Work order:
When you repeat the records, keep every word exact and drop each picture.

Image-text web data:
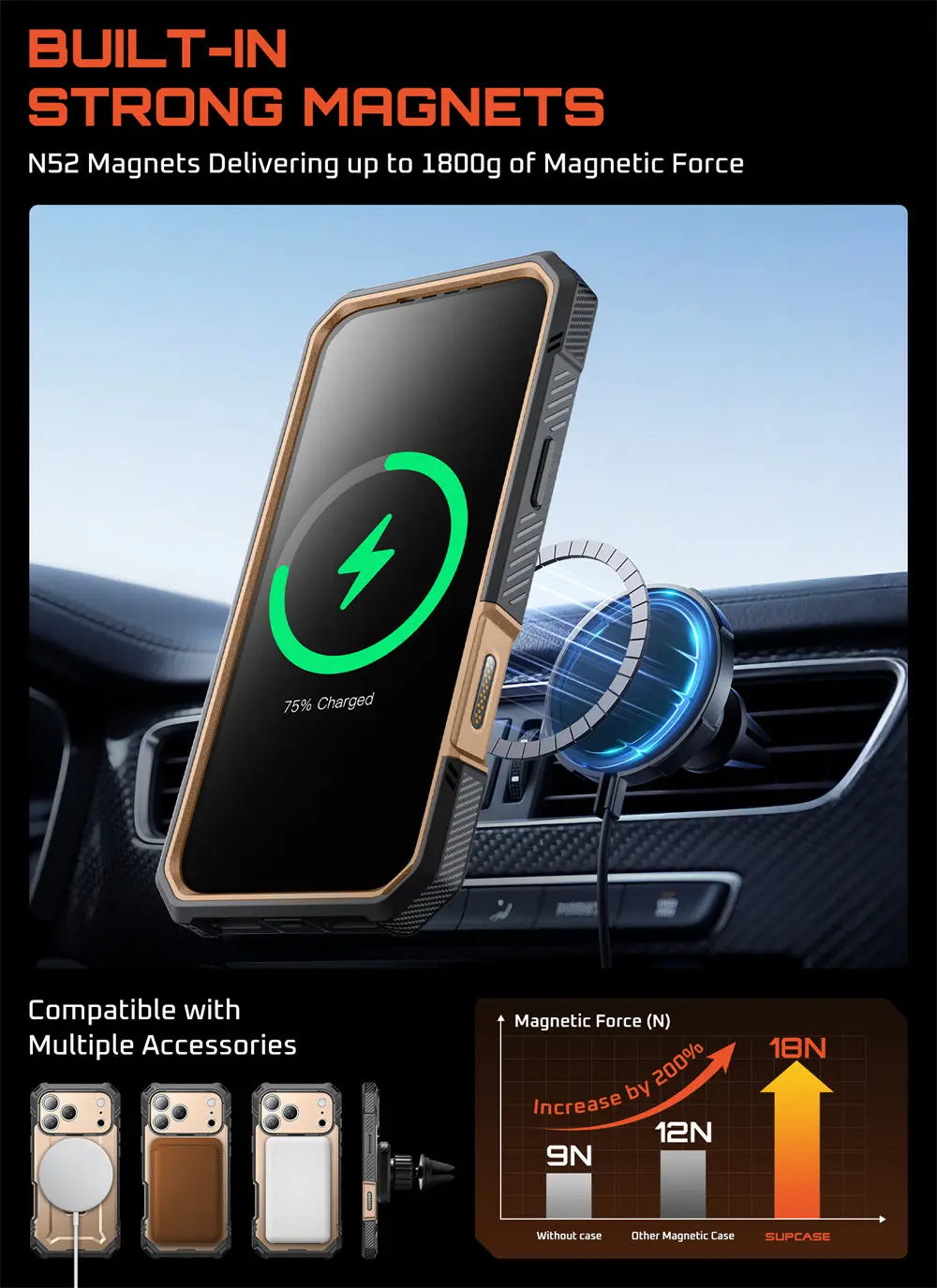 SUPCASE iPhone 17 Pro UB Grip Magnetic Case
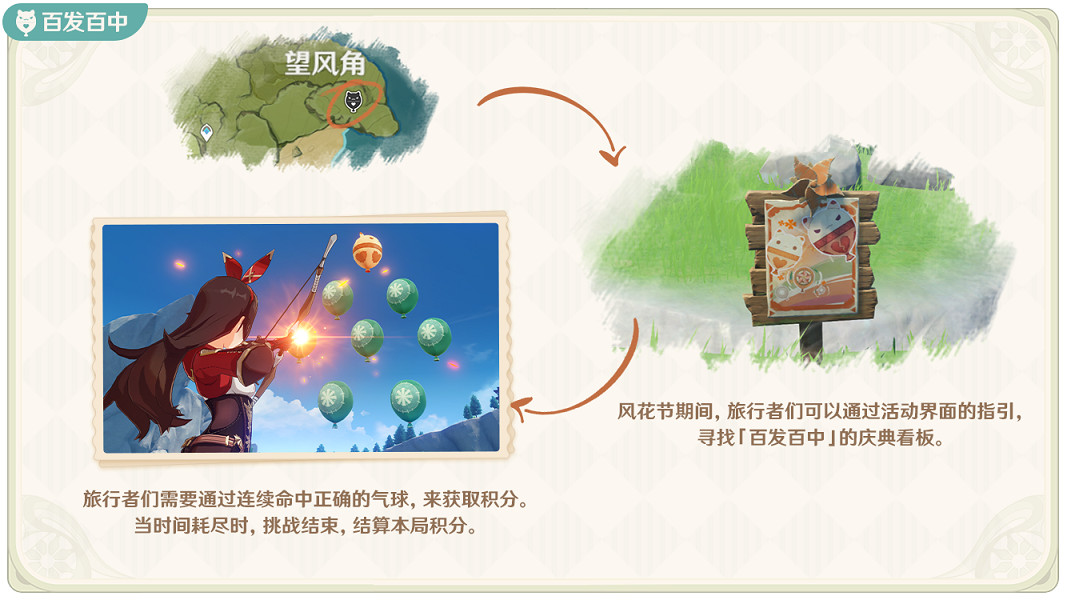 《原神》1.4風花的邀約怎麽玩 1.4風花的邀約活動玩法一覽 《原神》1.4風花的邀約怎麽玩 1.4風花的邀約活動玩法一覽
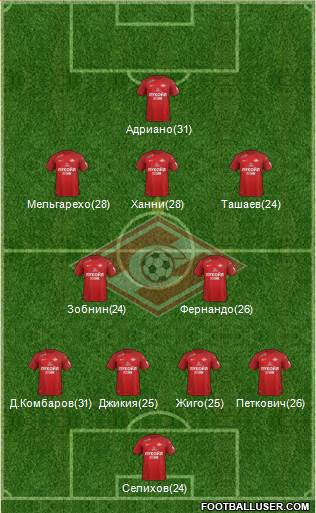Spartak Moscow Formation 2018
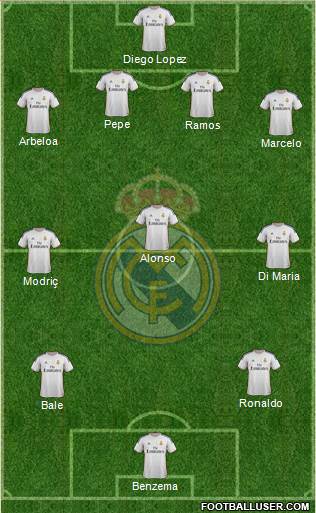 Real Madrid C.F. Formation 2014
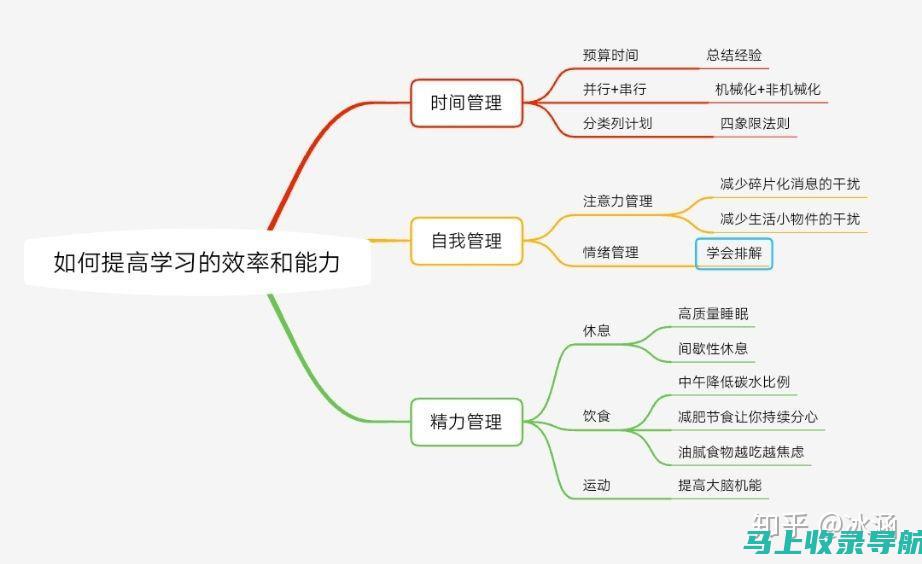 加强统计能力建设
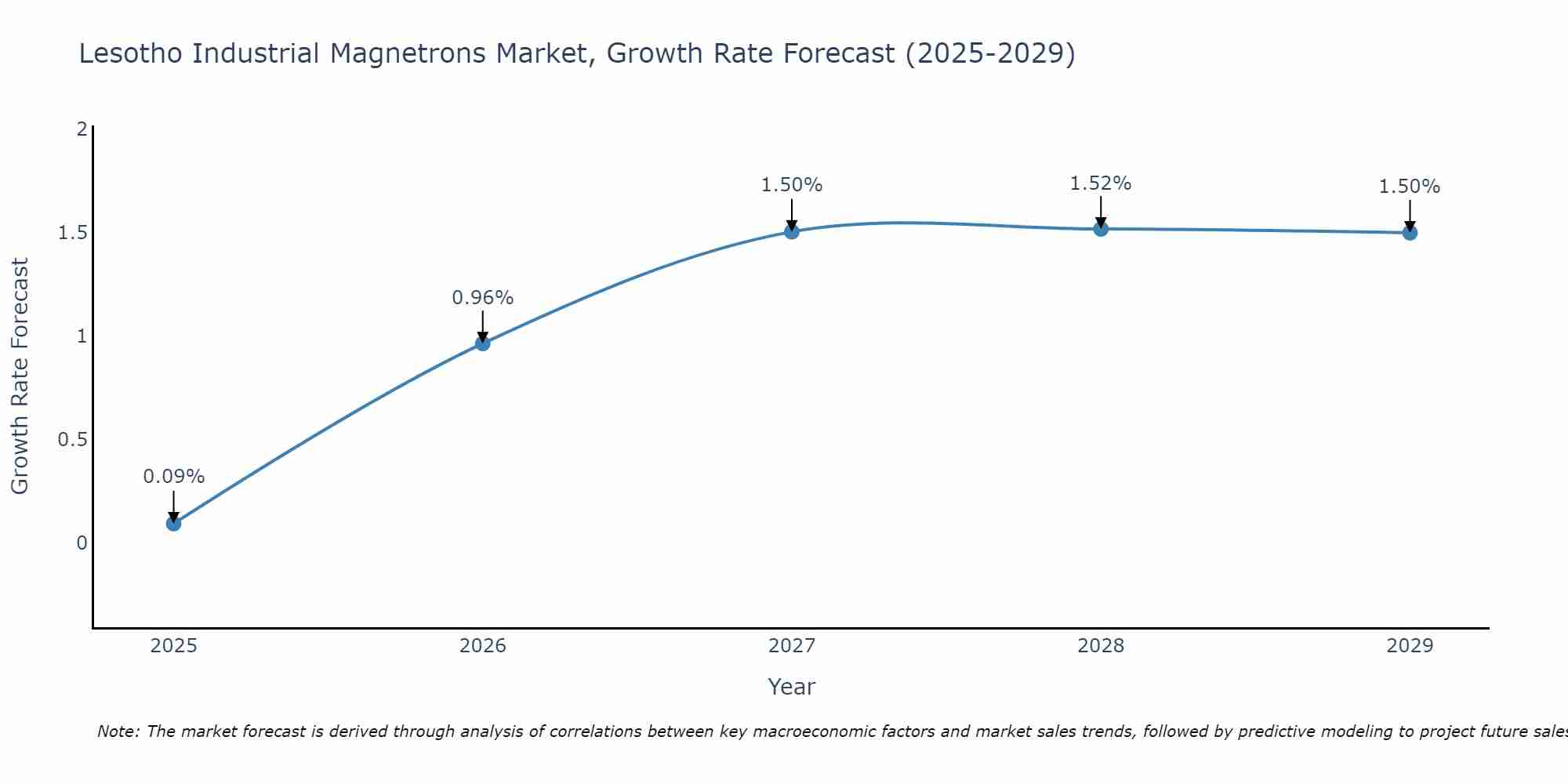 Lesotho Industrial Magnetrons Market Growth Rate
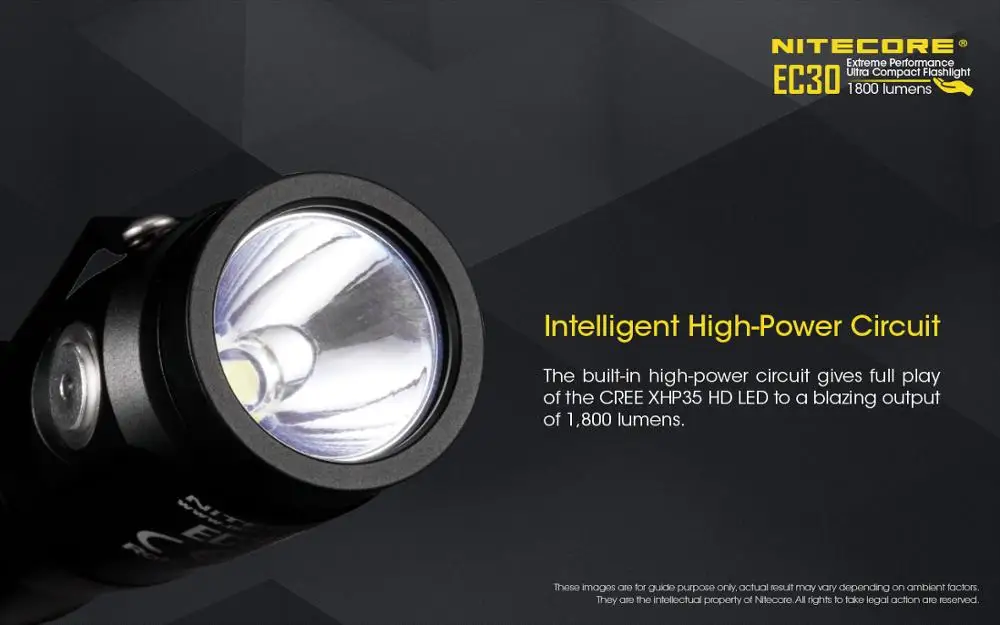 NITECORE EC30 фонарик 1800LM CREE XHP35 HD светодиодный EDC Открытый Кемпинг Портативный фонарь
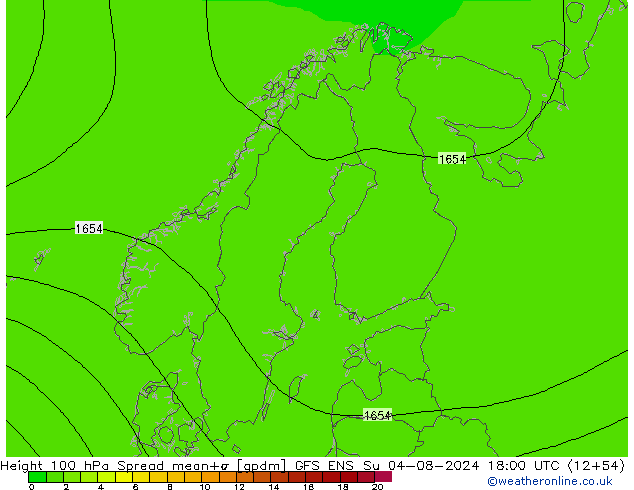 Hoogte 100 hPa Spread GFS ENS zo 04.08.2024 18 UTC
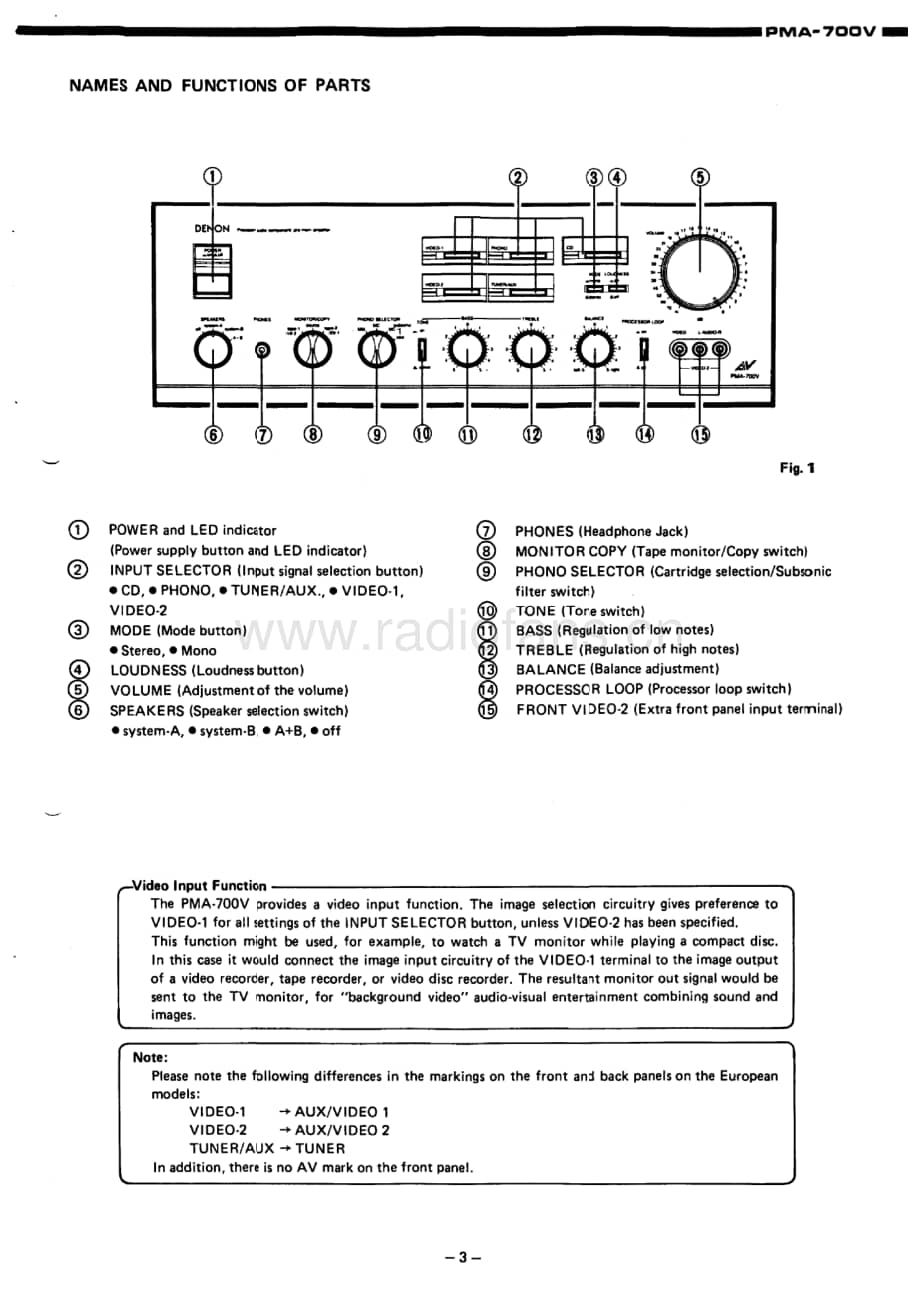 Denon-PMA700V-int-sm维修电路原理图.pdf_第3页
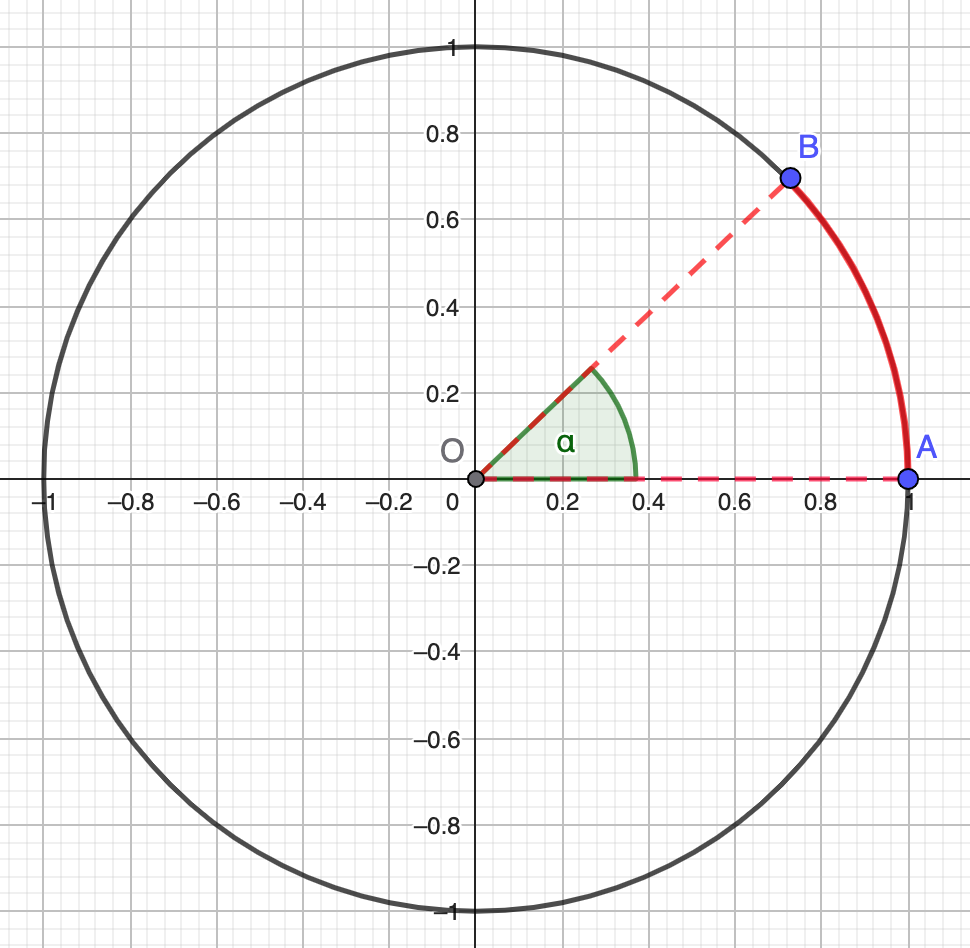 RadianesLongitud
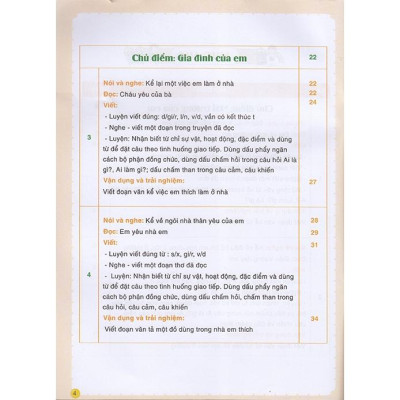 Sách - Ôn hè Tiếng Việt 2 - Dành cho học sinh lớp 2 lên lớp 3 (Biên soạn theo chương trình GDPT 2018)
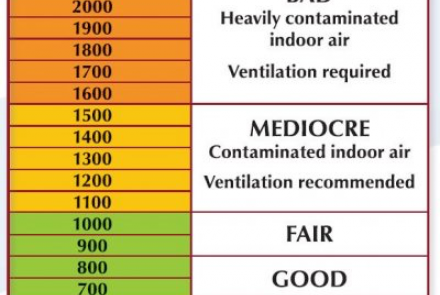 CO2 meters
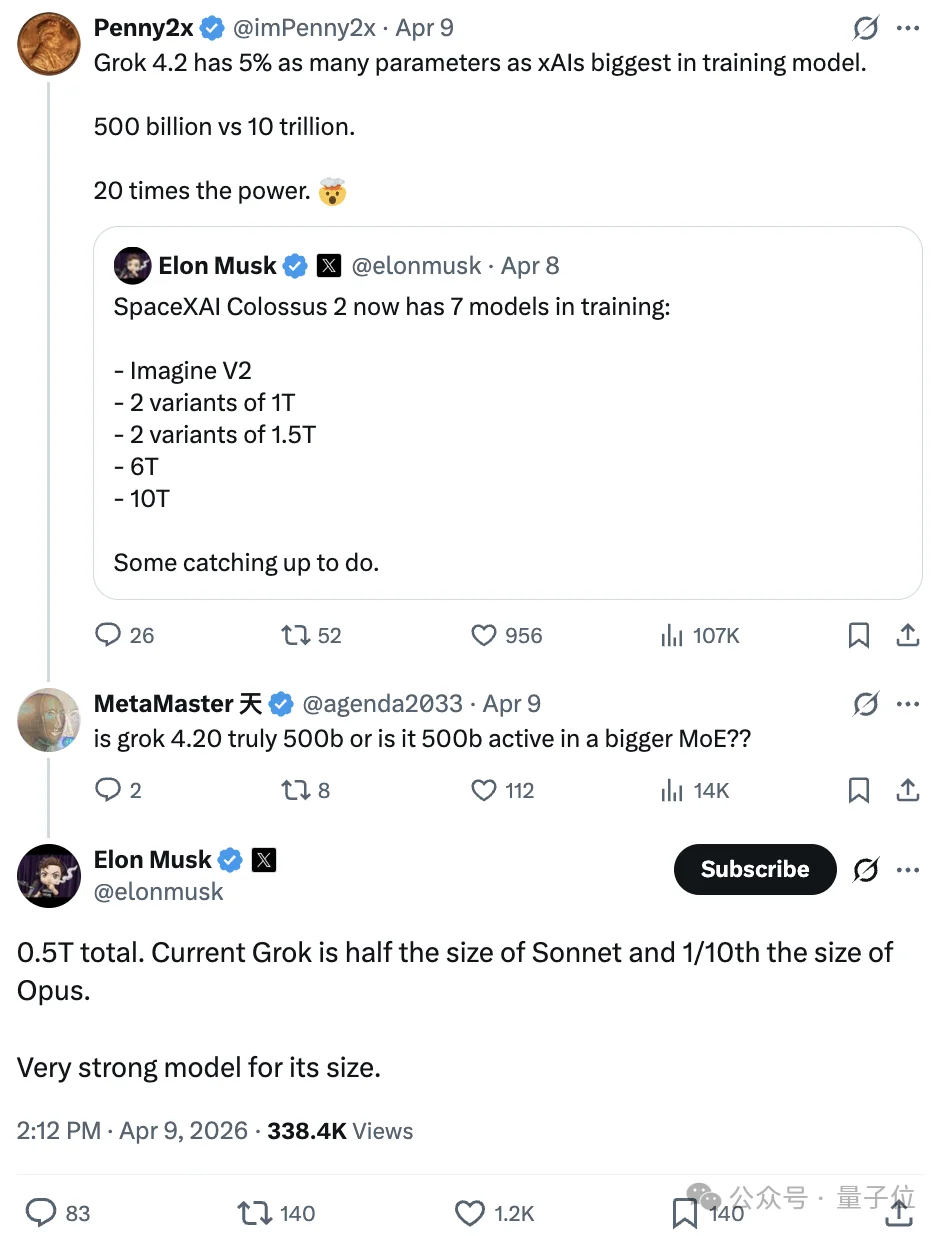 马斯克说漏嘴了！Claude Opus参数5T，Sonnet 1T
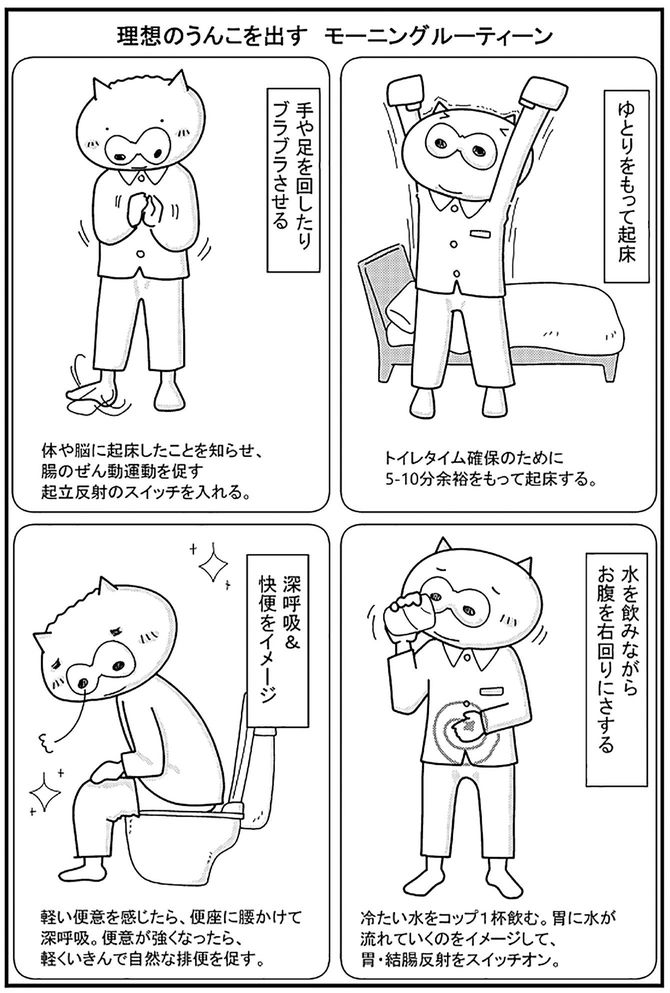 平田雅彦（著）、ヒヅメ（著、マンガ）『マンガでわかる　痔の治し方』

Response:
 SUPCASE iPhone 17 Pro UB Grip Magnetic Case
 《原神》1.4風花的邀約怎麽玩 1.4風花的邀約活動玩法一覽 《原神》1.4風花的邀約怎麽玩 1.4風花的邀約活動玩法一覽
Spartak Moscow Formation 2018
 Real Madrid C.F. Formation 2014
 加强统计能力建设
 Lesotho Industrial Magnetrons Market Growth Rate
 NITECORE EC30 фонарик 1800LM CREE XHP35 HD светодиодный EDC Открытый Кемпинг Портативный фонарь
 Hoogte 100 hPa Spread GFS ENS zo 04.08.2024 18 UTC
 Denon-PMA700V-int-sm维修电路原理图.pdf_第3页
 RadianesLongitud
 Sách - Ôn hè Tiếng Việt 2 - Dành cho học sinh lớp 2 lên lớp 3 (Biên soạn theo chương trình GDPT 2018)
 CO2 meters
 马斯克说漏嘴了！Claude Opus参数5T，Sonnet 1T
 平田雅彦（著）、ヒヅメ（著、マンガ）『マンガでわかる　痔の治し方』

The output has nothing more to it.